The Wikipedia entry for SOA is a good read for a basic introduction to SOA. A brief article introducing SOA and contrasting SOAP services with REST services is also interesting. A formal definition of SOA is provided as part of the OASIS Reference Model for SOA 1.0. Another formal definition of SOA is provided by CBDI in it's article Understanding Service-Oriented Architecture which differs in some aspects from the OASIS definition. The MSDN Mag has a great article by Aaron Skonnard in the Service Station column on SOA
For those who would rather view than read, the following multi-media is also a good way to begin understanding SOA - Don Box on SOA & part 2 of the same as well as a show on Service Orientation all on MSDN TV. There are also a few webcasts related to patterns & anti-patterns in SOA, on why you can't do SOA without messaging, one on SOA design, & one on developing a business service on the principles of SOA. Also, Steve Swartz on SOA in MSDN's channel 9.
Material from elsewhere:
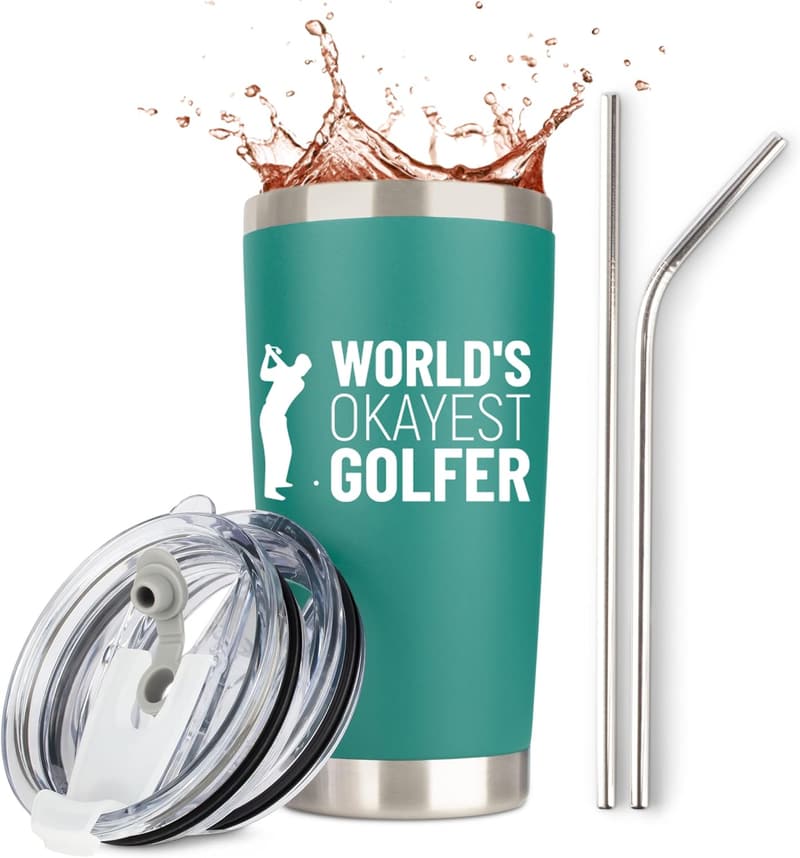 Funny Golf Travel Tumbler Mug for Men - Stainless Steel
However, by far the most important references in order to understand the themes that will be presented in my blog around Enterprise SOA are -
- A free eBook called Readings in Service Orientation. This provides a clear understanding of SOA within an enterprise architecture. This includes articles on Software Factories, SDM, Workflows, Identity Management, alternate service transports, service versioning & much more by the masters in these fields.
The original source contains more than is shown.